Tema Kupatan Kendeng kali ini adalah “Urip Urup Kanggo Bumi” yang menjadi refleksi selama beberapa tahun terakhir. Joko Prianto, dari JM-PPK, menyebutkan tahun-tahun belakangan masyarakat dipaksa menerima sepaket pembahasan kebijakan super cepat dan tanpa partisipasi bermakna seperti revisi UU TNI, revisi UU Minerba, Omnibuslaw hingga revisi UU KPK.
Alhasil rakyat menggelar gelombang protes dan mendapat balasan berupa tindak kekerasan dari aparat.

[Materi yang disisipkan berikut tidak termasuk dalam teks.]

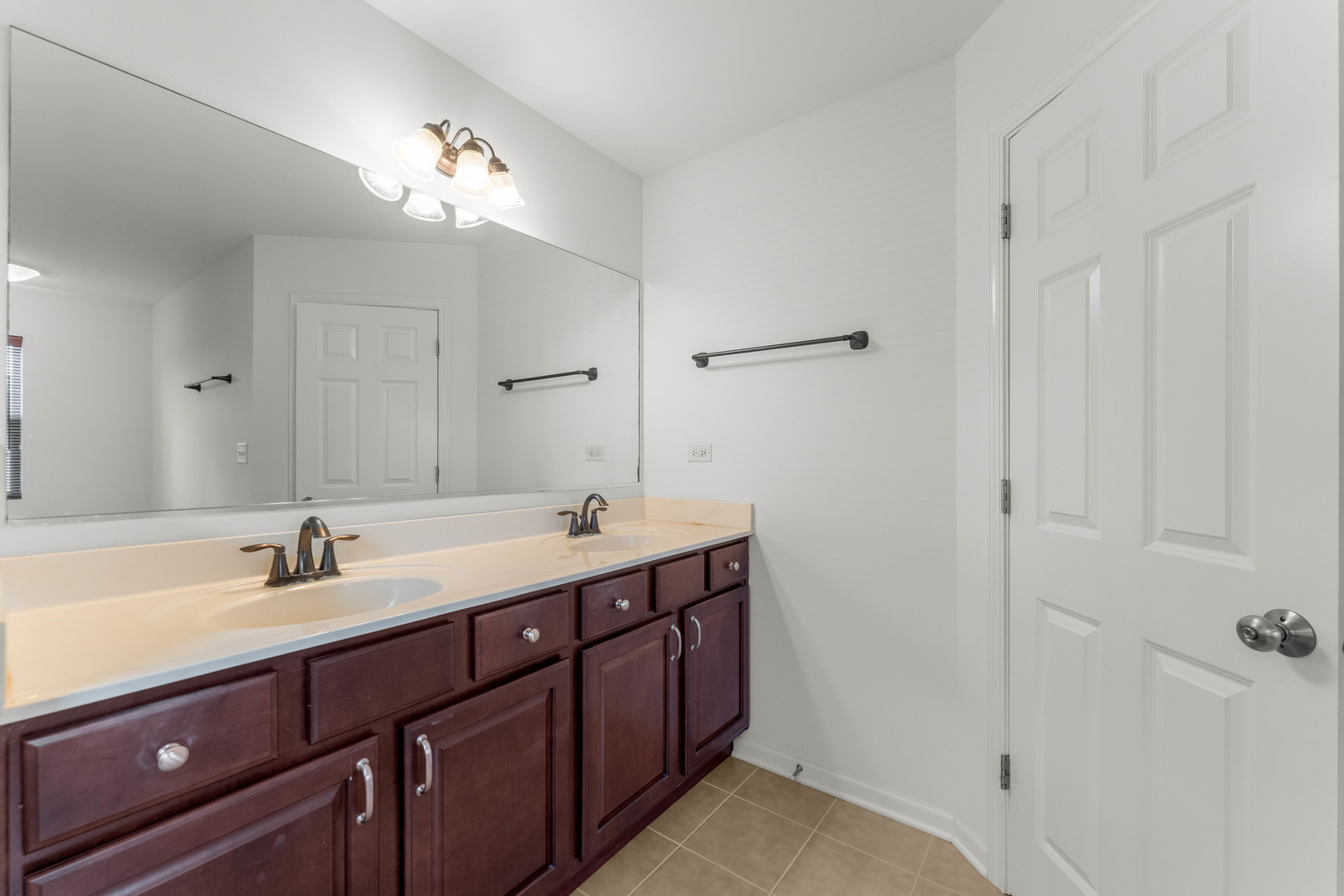 2715 Blakely Lane Naperville IL 60540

“Urip Urup adalah ajakan untuk terus menyala ditengah gelap demokrasi Indonesia. Masyarakat yang harus terus kuat dan terhubung satu sama lain sebagai bagian dari senasib sepenanggungan seperjuangan atas ulah negara yang lalai terhadap pemenuhan hak-hak dasar rakyatnya,” ucap dia melalui rilis pers yang diterima redaksi pada Minggu (7/4/2025).
Kupatan tahun ini, masyarakat Kendeng mengundang perwakilan kecil masyarakat yang masih berjuangan di Jawa Tengah seperti Pracimantoro Wonogiri, Rembang, Pati, Blora dan jaringan seperti LBH Semarang, YLBHI, JATAM, Trend Asia, Taring Padi, aktivis Dandhy Laksono dan lainnya. Mereka menggelar rembuk kampung untuk bertukar persoalan dan pembelajaran penting dari perjuangan-perjuangan antar daerah.

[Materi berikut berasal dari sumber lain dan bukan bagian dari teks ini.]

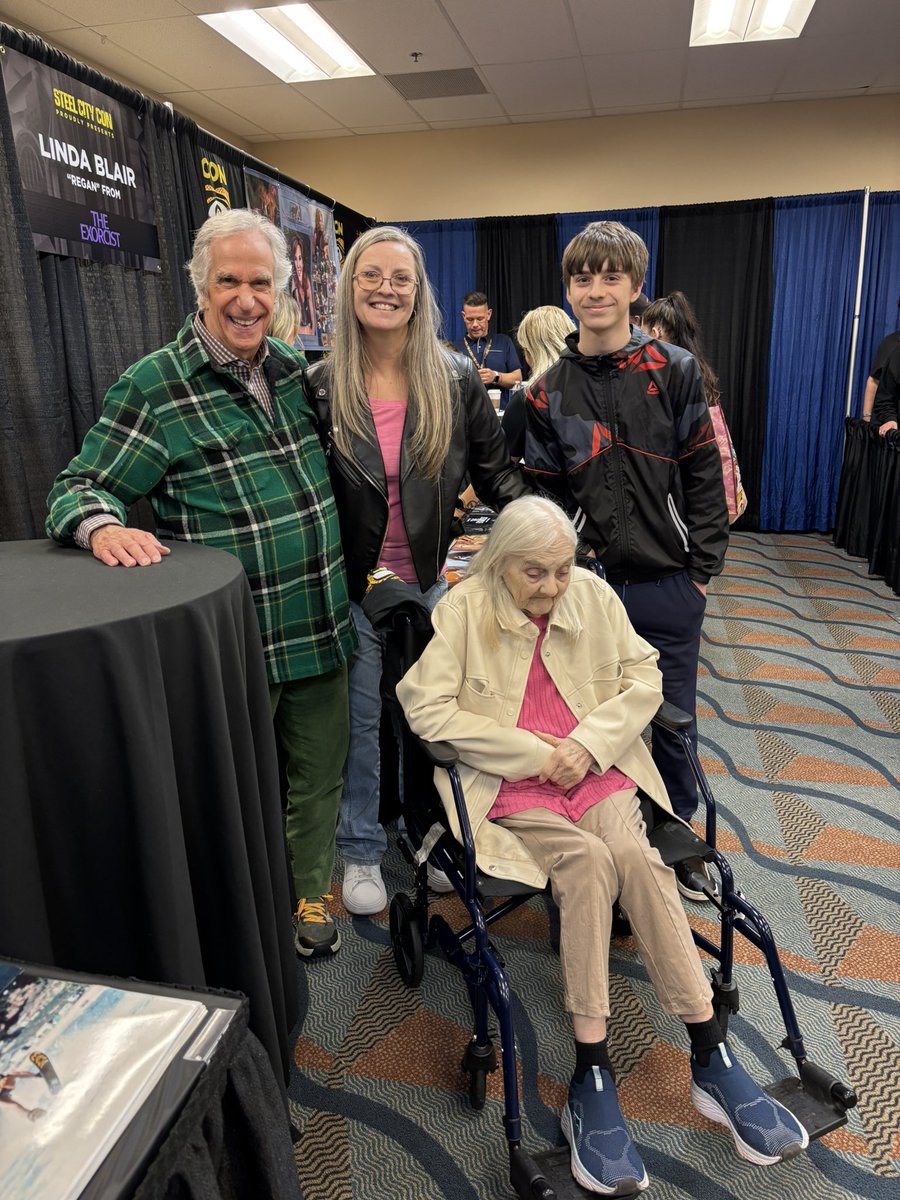 AmyDailey18's tweet image. @hwinkler4real  Thank you for making our day special at Steel City Con in PA and for being so gracious. God bless you!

Masyarakat Wonogiri misalnya, terancam oleh rencana ekspansi tambang dan pabrik semen yang berpotensi merusak ekosistem kawasan bentang alam karst (KBAK) Gunungsewu. Warga Wonogiri yang hadir belajar dan menguatkan dukungan dari Kendeng dan masyarakat lainnya yang sudah lama dan memiliki pengalaman dalam perjuangan penolakan pabrik semen.
Rembang, khususnya Kendeng, mengalami perluasan pertambangan yang cukup masif. Perubahan kebijakan tata ruang baik di Provinsi maupun Kabupaten telah mengakomodir potensi gelombang kerusakan alam secara masif atas dasar pertumbuhan ekonomi dan perluasan kantong-kantong kawasan industri.
“Parahnya Pemkab Rembang justru tidak peduli dengan kondisi itu, munculnya Perda terkait dengan penarikan retribusi tambang baik yang legal maupun ilegal menunjukkan watak rakus atas sumber daya alam yang harusnya dijaga bukan diobral habis-habisan,” ucap Joko.
Tambang untuk bahan baku semen di Kendeng sendiri telah diikuti bencana seperti longsor, banjir, kekeringan, dan potensi krisis lainnya. Mereka mendesak moratorium perlu dilakukan jika ingin cita-cita kedaulatan pangan akan tercapai.
Situasi nasional pun tidak jauh berbeda. Berlanjutnya program PSN, food estate, ditambah dengan adanya revisi UU TNI, revisi UU Minerba menunjukkan rezim kian galak menghadapi protes masyarakat.